Сотрудничать, быть связанным, действовать заодно с другими – это побуждение метафизически болезненное. Душу, данную индивиду, нельзя заимствовать для отношений с другими. Божественный факт существования нельзя уступать сатанинскому факту сосуществования.

Действуя вместе с другими, я теряю, по крайней мере, одно: возможность действовать одному.

Когда отдаю себя чему‑то, хотя бы и казалось, что я расширяюсь, я себя ограничиваю. Жить вместе – значит умирать. Для меня только мое самосознание реально; остальные – лишь нечеткие явления для этого сознания, и было бы болезненным предоставить им реальность, слишком правдоподобную.
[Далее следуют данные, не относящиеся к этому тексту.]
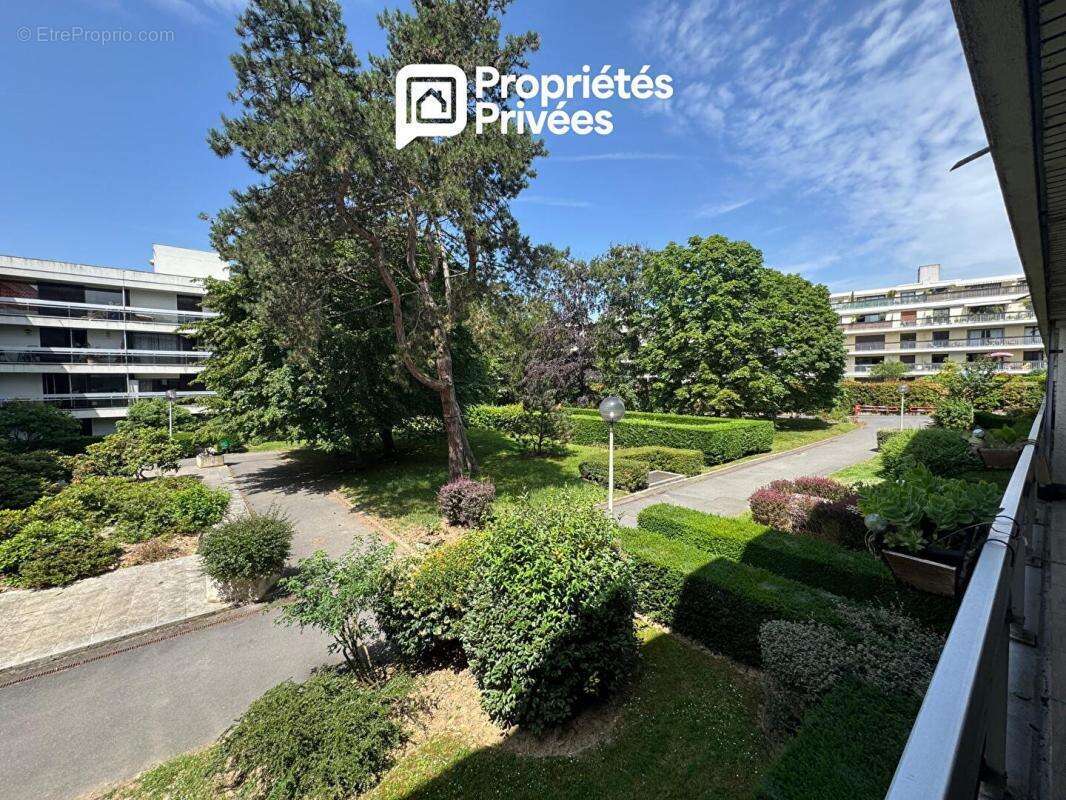 Appartement à VERSAILLES
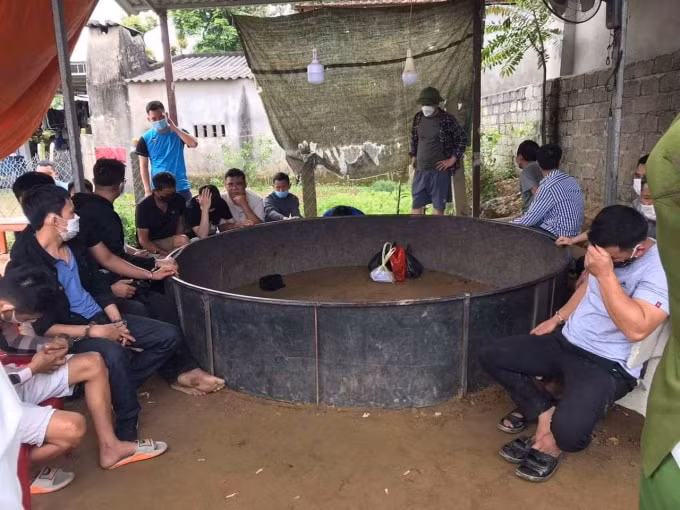 bat giu 17 doi tuong da ga an tien tai nghe an hinh 1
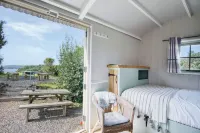 Haven View - 1 Bedroom Shepherds Hut - St Ishmaels Hotels near Field Studies Council - Dale Fort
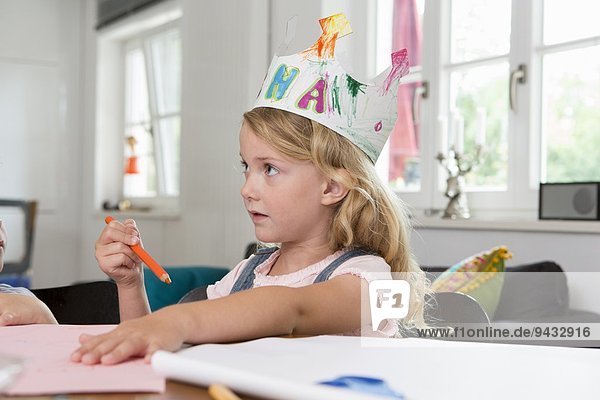 Mädchen mit selbstgemachter Papierkrone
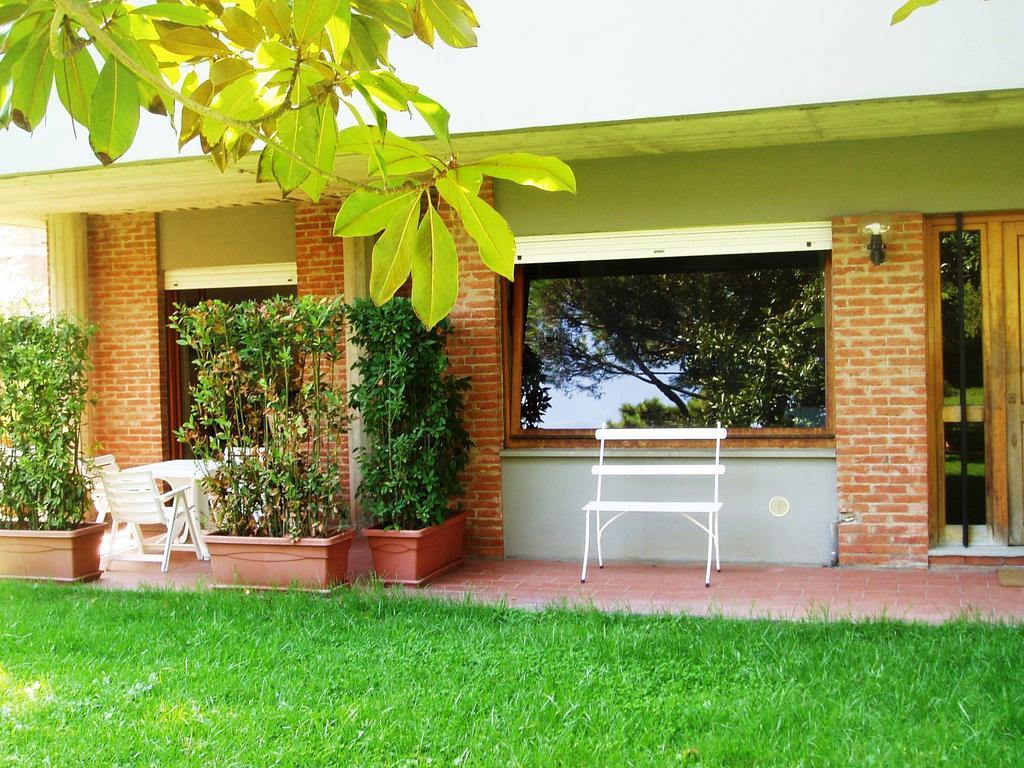 Il Geranio Villa Tirrenia Room photo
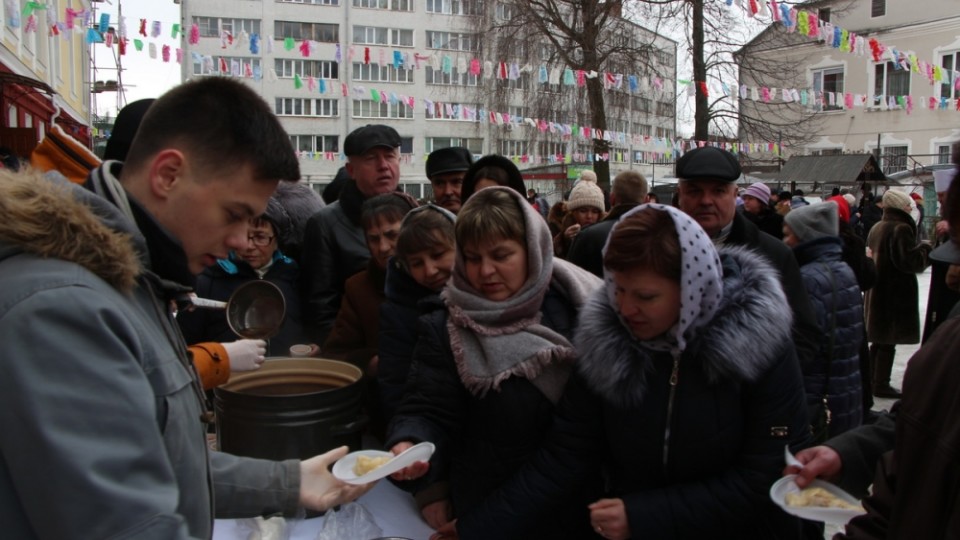 Музика, співи, смаколики: у центрі Луцька відзначать заговини на Великий піст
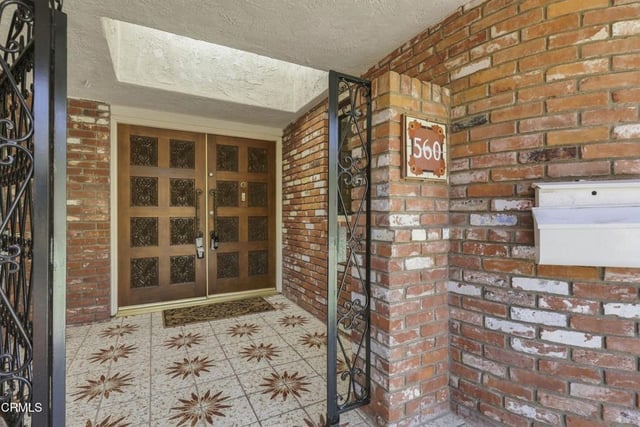 560 N 6th Street, Santa Paula, CA 93060 — photo 6 of 54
Ребенок, желающий обязательно исполнить свой каприз, наиболее близок к Богу, потому что хочет существовать.

Наша жизнь – жизнь взрослых – превращается в постоянную подачу милостыни другим. Все мы живем милостыней, поданной другими. Мы растрачиваем свои личности в оргиях сосуществования.

Каждое сказанное слово нас предает.

Единственное терпимое сообщение – слово написанное, потому что это не камень моста меж душами, но луч света меж звездами.

Объяснять – значит не верить. Вся философия – это дипломатия при одной из форм вечности… как дипломатия, вещь лживая в самой своей сущности, существующая не сама по себе, но вся и абсолютно – ради какой‑то цели.

Единственная достойная судьба для публикующегося писателя – это не иметь известности, какой он заслуживал бы. Но поистине достойная судьба – это судьба писателя, который не публикуется. Я не говорю, что он не должен писать, потому что иначе он не был бы писателем. Он писал бы по зову своей природы, но по духовному складу своему не предлагал бы никому то, что написал.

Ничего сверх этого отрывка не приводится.